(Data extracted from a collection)

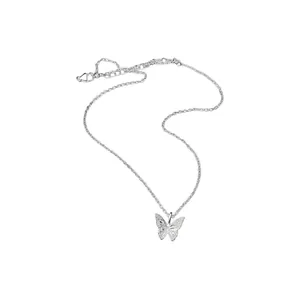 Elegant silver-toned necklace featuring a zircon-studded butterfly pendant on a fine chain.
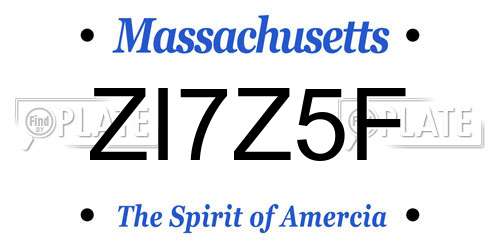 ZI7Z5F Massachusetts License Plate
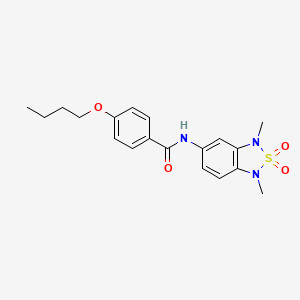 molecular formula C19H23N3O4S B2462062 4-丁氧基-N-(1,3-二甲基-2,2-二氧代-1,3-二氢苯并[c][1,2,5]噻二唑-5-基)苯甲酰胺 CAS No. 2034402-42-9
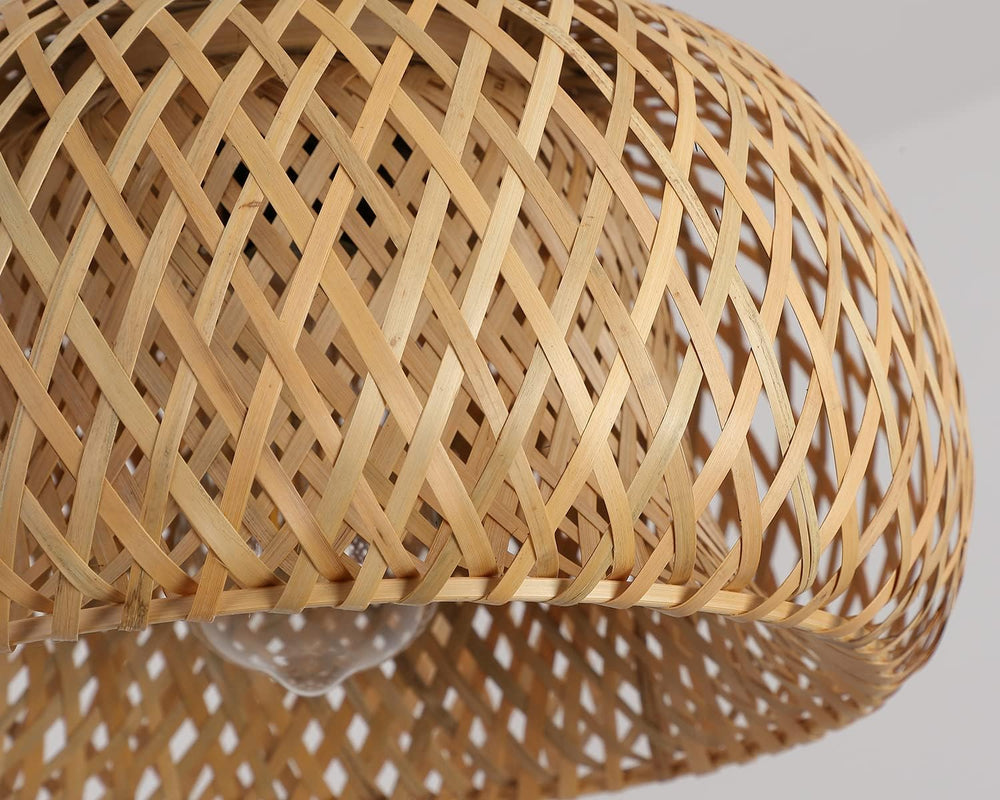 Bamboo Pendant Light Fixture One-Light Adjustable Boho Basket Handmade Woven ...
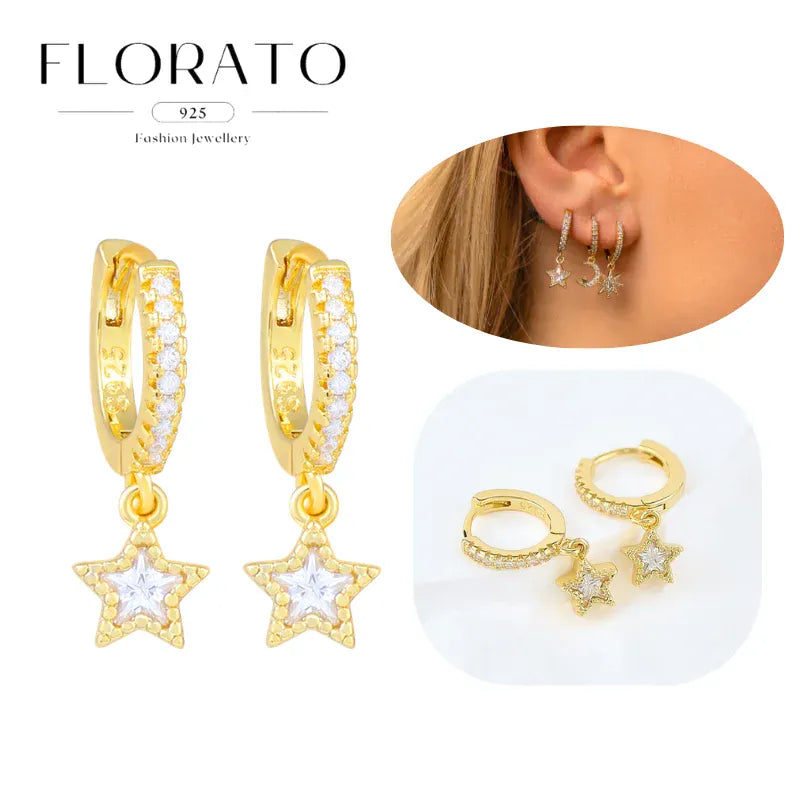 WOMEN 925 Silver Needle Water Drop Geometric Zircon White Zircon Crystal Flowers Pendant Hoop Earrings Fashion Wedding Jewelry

Brief: With the pictures removed, return each record above exactly as given.

Your solution:
 Elegant silver-toned necklace featuring a zircon-studded butterfly pendant on a fine chain.
 ZI7Z5F Massachusetts License Plate
 molecular formula C19H23N3O4S B2462062 4-丁氧基-N-(1,3-二甲基-2,2-二氧代-1,3-二氢苯并[c][1,2,5]噻二唑-5-基)苯甲酰胺 CAS No. 2034402-42-9
 Bamboo Pendant Light Fixture One-Light Adjustable Boho Basket Handmade Woven ...
 WOMEN 925 Silver Needle Water Drop Geometric Zircon White Zircon Crystal Flowers Pendant Hoop Earrings Fashion Wedding Jewelry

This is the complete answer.